Following the success of The Godfather, The Conversation and The Godfather Part II, Coppola began filming Apocalypse Now, an adaptation of Conrad’s Heart of Darkness set in Cambodia during the Vietnam War (Coppola himself briefly appears as a TV news director). Before production of the film began, Coppola went to his mentor Roger Corman for advice about shooting in the Philippines, since Corman had filmed several pictures there. Coppola said that all the advice Corman offered was "Don't go".[33] The production of the film was plagued by numerous problems, including typhoons, nervous breakdowns, the firing of Harvey Keitel, Martin Sheen's heart attack, extras from the Philippine military leaving in the middle of scenes to go fight rebels, and an unprepared Brando with a bloated appearance (which Coppola attempted to hide by shooting him in the shadows). It was delayed so often it was nicknamed Apocalypse When?.[34] The 1991 documentary film Hearts of Darkness: A Filmmaker's Apocalypse, directed by Eleanor Coppola (Francis's wife), Fax Bahr and George Hickenlooper, chronicles the difficulties the crew went through making Apocalypse Now, and features behind-the-scenes footage filmed by Eleanor. After filming Apocalypse Now, Coppola famously stated:[35] "We were in the jungle, there were too many of us, we had access to too much money, too much equipment, and little by little, we went insane."
The film was overwhelmingly lauded by critics when it finally appeared in 1979, and was selected at the 1979 Cannes Film Festival and won the Palme d'Or, along with The Tin Drum, directed by Volker Schlöndorff. When the film screened at Cannes, he quipped:[34] "My film is not about Vietnam, it is Vietnam." Apocalypse Now's reputation has grown in time and it is now regarded by many as a masterpiece of the New Hollywood era, and is frequently cited as one of the greatest movies ever made.[2][36][37][38] Roger Ebert considers it to be the finest film on the Vietnam war and included it on his list for the 2002 Sight and Sound poll for the greatest movie of all time.[39][40]
In 2001, Coppola re-released Apocalypse Now as Apocalypse Now Redux, restoring several sequences lost from the original 1979 cut of the film, thereby expanding its length to 200 minutes.
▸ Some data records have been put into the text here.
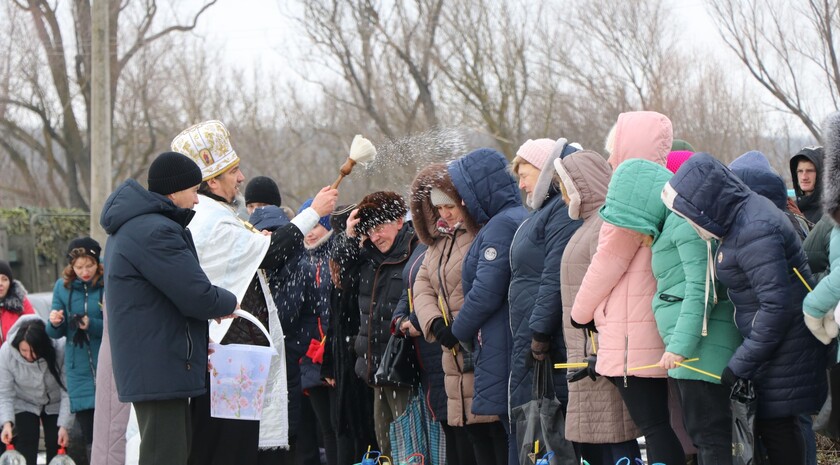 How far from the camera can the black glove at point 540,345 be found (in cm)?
572

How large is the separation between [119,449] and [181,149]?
5.49 feet

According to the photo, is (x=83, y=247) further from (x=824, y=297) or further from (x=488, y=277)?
(x=824, y=297)

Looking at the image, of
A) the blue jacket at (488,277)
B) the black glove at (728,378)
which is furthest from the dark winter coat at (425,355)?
the black glove at (728,378)

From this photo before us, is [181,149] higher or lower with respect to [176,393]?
higher

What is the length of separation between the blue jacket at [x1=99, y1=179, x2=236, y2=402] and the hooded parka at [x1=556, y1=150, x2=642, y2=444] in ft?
5.82

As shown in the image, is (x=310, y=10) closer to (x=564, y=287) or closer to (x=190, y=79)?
(x=190, y=79)

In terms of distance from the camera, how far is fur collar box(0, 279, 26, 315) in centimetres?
982

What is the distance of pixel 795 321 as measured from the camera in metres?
4.80

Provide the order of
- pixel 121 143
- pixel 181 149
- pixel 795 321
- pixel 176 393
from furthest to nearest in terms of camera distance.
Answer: pixel 121 143, pixel 181 149, pixel 176 393, pixel 795 321

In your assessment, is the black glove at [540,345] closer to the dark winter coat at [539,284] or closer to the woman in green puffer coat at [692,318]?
the dark winter coat at [539,284]

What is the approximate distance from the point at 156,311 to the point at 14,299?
5.18 meters

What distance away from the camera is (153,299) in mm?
5309

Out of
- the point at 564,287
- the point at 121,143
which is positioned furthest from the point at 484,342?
the point at 121,143

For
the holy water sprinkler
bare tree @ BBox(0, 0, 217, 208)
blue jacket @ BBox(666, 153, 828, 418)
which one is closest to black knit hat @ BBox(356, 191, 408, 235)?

Apocalypse Now marked the end of the golden phase of Coppola's career.[2] His musical fantasy One from the Heart, although it pioneered the use of video-editing techniques which are standard practice in the film industry today, ended with a disastrous box-office gross of $636,796 against a US$26 million budget,[41] far from enough to recoup the costs incurred in the production of the movie, and he was forced to sell his 23-acre Zoetrope Studio in 1983.[13] He would spend the rest of the decade working to pay his debts. (Zoetrope Studios finally filed for Chapter 11 bankruptcy in 1990, after which its name was changed to American Zoetrope).[2] In addition he was forced into US bankruptcy court three times in the next 8 years.[42]
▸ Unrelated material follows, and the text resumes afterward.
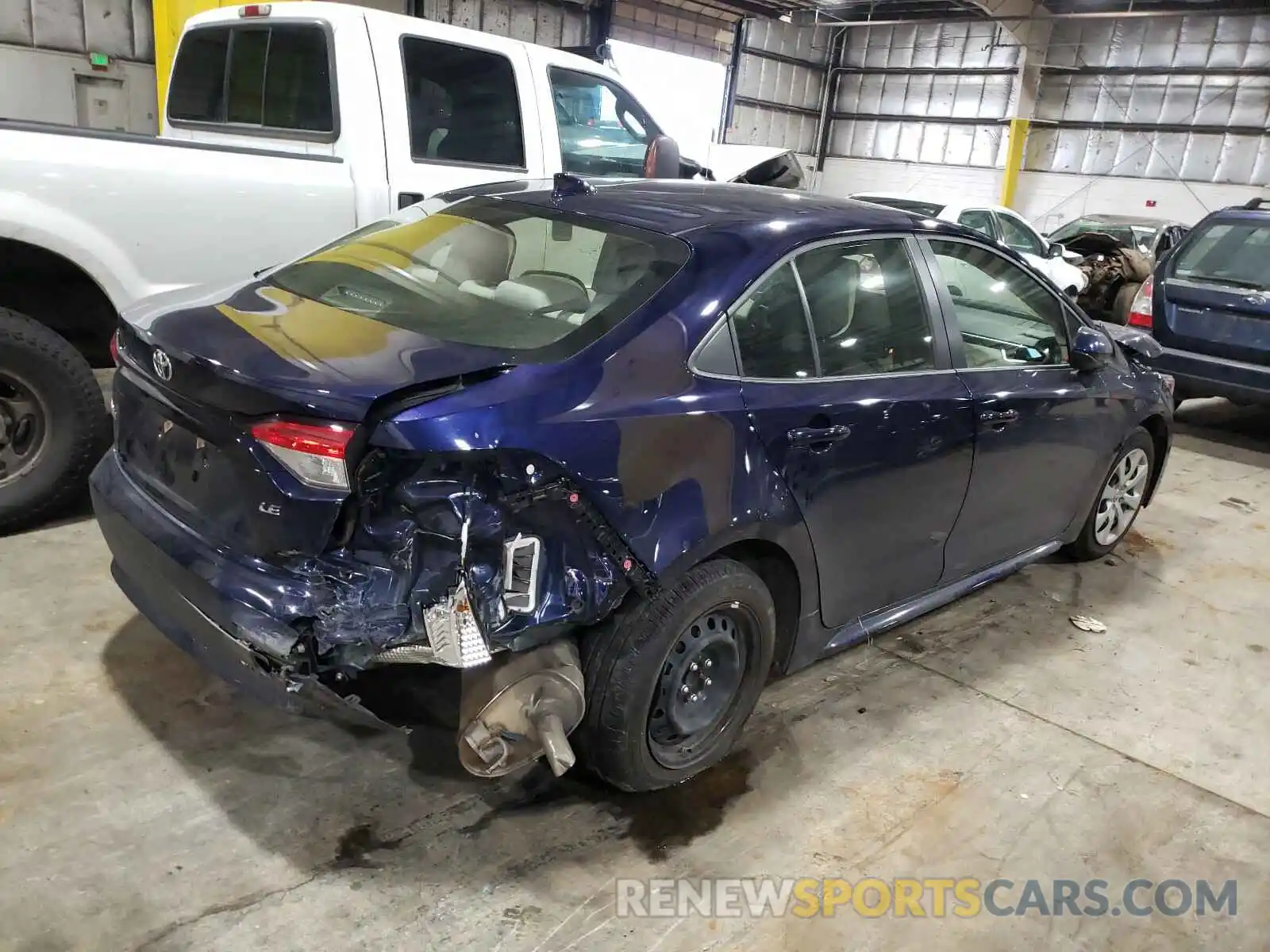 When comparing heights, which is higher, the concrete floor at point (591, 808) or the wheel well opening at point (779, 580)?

Following the disastrous One from the Heart, Coppola co-directed Hammett along with Wim Wenders in the same year. Although Coppola was not credited for his effort, according to one source, "by the time the final version was released in 1982, only 30 percent of Wenders' footage remained, and the rest was completely reshot by Coppola, whose mere 'executive producer' credit is just a technicality."[43]
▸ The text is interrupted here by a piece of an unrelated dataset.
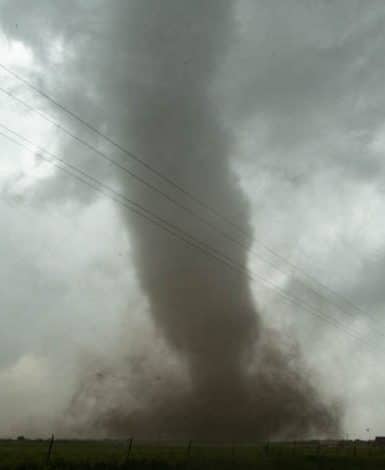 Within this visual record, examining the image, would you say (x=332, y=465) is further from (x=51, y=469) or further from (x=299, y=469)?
(x=51, y=469)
In 1983, he directed The Outsiders, a film adaptation of the novel of the same name by S. E. Hinton. Coppola credited his inspiration for making the film to a suggestion from middle school students who had read the novel. The Outsiders is notable for being the breakout film for a number of young actors who would go on to become major stars. These included major roles for Matt Dillon, Ralph Macchio, and C. Thomas Howell. Also in the cast were Patrick Swayze, Rob Lowe, Emilio Estevez, Diane Lane, and Tom Cruise. Matt Dillon and several others also starred in Coppola's related film, Rumble Fish, which was also based on a S. E. Hinton novel and filmed at the same time as The Outsiders on-location in Tulsa, Oklahoma. Carmine Coppola wrote and edited the musical score, including the title song "Stay Gold", which was based upon a famous Robert Frost poem and performed for the movie by Stevie Wonder. The film was a moderate box-office success, drawing a revenue of $25 million[44] against a budget of $10 million.[45]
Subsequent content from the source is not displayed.